The dolly was attached to two bungee cords that were anchored on opposite sides of the runway. These bungee cords would provide the energy to propel the Raven and the dolly down the runway to achieve takeoff speed. The dolly was then attached to a truck in order to pull it back to the appropriate takeoff distance (Figure 17.9.2), and a carabiner mechanism allowed the aircraft and dolly to be released at the appropriate time. Also, small pin was inserted in a hinge to connect the nose of the aircraft to the forward hard point. This pin was attached to the end of a cord, the length of which was equal to the distance necessary to reach takeoff speed. This cord was also attached to the truck. In this way, the pin was pulled out of the hinge at the appropriate time to allow the aircraft to lift off of the dolly.
Before launch, there were a few unanticipated issues to resolve regarding launch procedures, because a prior attempt to launch the Redeye aircraft had resulted in a mishap. Immediately upon release, the Redeye flipped off the dolly and landed upside down on the runway. This raised concerns about the dolly pull-back distance necessary for a successful launch. The pull-back distance was decreased from 50 feet to 42 feet as a result of the Redeye’s launch mishap. Also, because the release pin hinge was broken during the Redeye’s attempt, a third screw was installed on the Raven release pin hinge to ensure the integrity of the hinge under the high loads of takeoff.
Upon lift-off from the dolly, the Raven assumed a strong nose up attitude as seen in figure 17.9.3. This was corrected by down elevator. In addition, there was significant yawing to the right. This continued until the Raven yawed nearly 180(, almost facing the opposite direction from takeoff. The aircraft then rolled to an inverted position and the pilot lost control. The engine was shut down in anticipation of the crash. The right wing was the first point of impact, followed by the nose. Total time from release to impact was approximately 11.14 seconds.
The damage sustained in this attempt was significant. The wing, shown in figure 17.9.4, was broken at the root. Four of the 12 facets of the ring-tail were damaged (Figure 17.9.5), and the engine mount was broken. Also, the fuselage skin was pierced and split at a number of points near the nose (Figure 17.9.6). The fuselage and tail were salvageable, but the wing required a complete rebuild.
There were a number of theories presented to account for the catastrophic ending to the first flight attempt. Attention was first given to a significant approximation in the aerodynamic model. The thickness of the wing had been chosen such that the flaperon and deflector servos protruded from the lower surface of the wing (Figure 17.8.8). Fairings were constructed to cover these protrusions in order to minimize their effects on the flow under the wing. These servos and fairings were left off of the aerodynamic model of the wing, assuming they would not affect the performance of the aircraft significantly. This was not necessarily the case, however, and these fairings were one possible explanation for the crash.

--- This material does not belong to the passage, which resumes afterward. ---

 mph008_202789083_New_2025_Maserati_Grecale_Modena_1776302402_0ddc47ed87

The second theory also involved a difference between the aerodynamic model and the actual flight scenario. PMARC could not simulate the flow of the propwash over the aircraft, so it is conceivable that the resulting power effects changed the stability characteristics of the Raven enough to result in the behavior observed in this flight attempt.

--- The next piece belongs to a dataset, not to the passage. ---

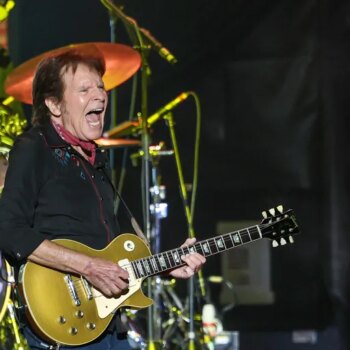 John Fogerty en Cap Roig: sortilegio eléctrico con galones de leyenda del rock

Finally, it was proposed that the tail employed on the Raven was not large enough to provide the stabilizing forces necessary for successful flight. If this theory were correct, the chord and diameter of the ring could be increased to provide a more stabilizing tail, with the diameter being the most significant variable. It was also possible that if the tail were not mounted perfectly straight, this would initiate a yaw on takeoff regardless of the size of the tail. Therefore, no matter what tail sized was used, it was clear that care should be taken in the future to ensure the tail was mounted correctly.
The only change that was made during the repair process was to change the wing design so that the servos fit almost completely within the wing. The single spar design was altered to a two-spar system allowing the servos to move forward into a thicker part of the airfoil. These changes are discussed in detail in Section 10.
3 Second Flight Attempt
A second flight attempt was conducted on Tuesday, 22 April 1997. On this attempt, the launch procedure was similar to the previous attempt except that the pull-back distance was arbitrarily increased by approximately five feet. Upon launch, the aircraft did not yaw significantly in either direction. However, it did demonstrate a radical pitching up maneuver, at which point the aircraft departed and rotated 180( around the y-axis. The aircraft impacted the ground directly on the nose approximately eight seconds after dolly release.
The damage was more severe on the fuselage than the first attempt but still repairable, and fortunately the tail and wing were spared. With no clear explanation for the crash, it was decided that mounting a larger tail on the Raven might solve the problem of pitch control on takeoff. Therefore, a new tail was constructed with a chord of six inches and a diameter of 6.75 inches. Again these changes are covered in detail in Section 10.
4 Third Flight Attempt
A third flight was attempted on Thursday, 24 April 1997. This was the first successful flight of the Raven, lasting approximately 8 minutes and 53 seconds. It was noted that the aircraft was sensitive to pilot commands, as slight movements of the transmitter controls were necessary to make drastic changes in the attitude of the aircraft around all axes. As predicted from dynamic simulation results, the aircraft’s Phugoid mode was easily exited in pitch. The pilot was constantly adjusting the pitch to account for this during most of the flight. The deflectors were also tested to determine their effectiveness in yaw control. Once deflected, they caused the aircraft to roll and pitch down. This flight is evidence that the deflectors are more powerful in roll than they are in yaw.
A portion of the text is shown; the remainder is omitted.